Why Do Protocols Win?

Apr 21, 2022
We reject: kings, presidents, and voting. We believe in: rough consensus and running code.
David Clark (1992)

From the 1970s to the 1990s, the goal of building a global computer network was becoming more evident. However, how it would be built was one of the most fiercely debated topics in computer science.

Some refer to the 1970s-1990s as The Protocol Wars, a period where competing standards proliferated and competed for a foundational role in the internet. TCP/IP vs. OSI, WWW vs. Gopher, and many more battles at every layer of the stack.

Vint Cerf, co-developer of TCP/IP, wearing an IP ON EVERYTHING shirt 

Why did some protocols win and others lose? Each of these deserves its own deep dive, but here are some high-level lessons that can be distilled from each.
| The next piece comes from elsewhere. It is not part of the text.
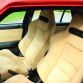 1993_Lancia_Delta_Integrale_Evoluzione_II_07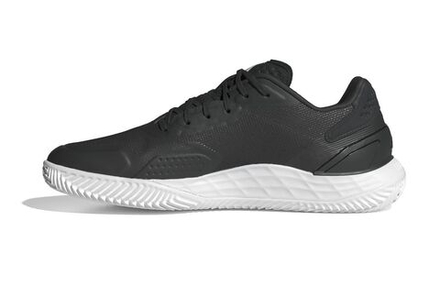 Теннисные кроссовки Adidas Defiant Speed 2 M Clay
  • Working code is often better than a draft by a standards committee. See Clark's quote.
  • Backward or lateral compatibility allows protocols to draft off the success of previous protocols or competitors. For example, Mosaic had a feature that automatically converted Gopher menus into HTML.
  • Simplicity matters.
"If we had only consulted the ancient mystics, we would have seen immediately that seven layers were required."
– Dan Postel on the OSI model (1987)
  • Politics plays a more prominent role than technologists would like to admit. The U.S. Department of Defense was an early adopter of TCP/IP. UC Berkley put the TCP/IP code for BSD Unix into the public domain. Meanwhile, the University of Minnesota charged licensing fees for Gopher servers.
  • Competing protocols often make different trade-offs, i.e., optimizing for compute or storage.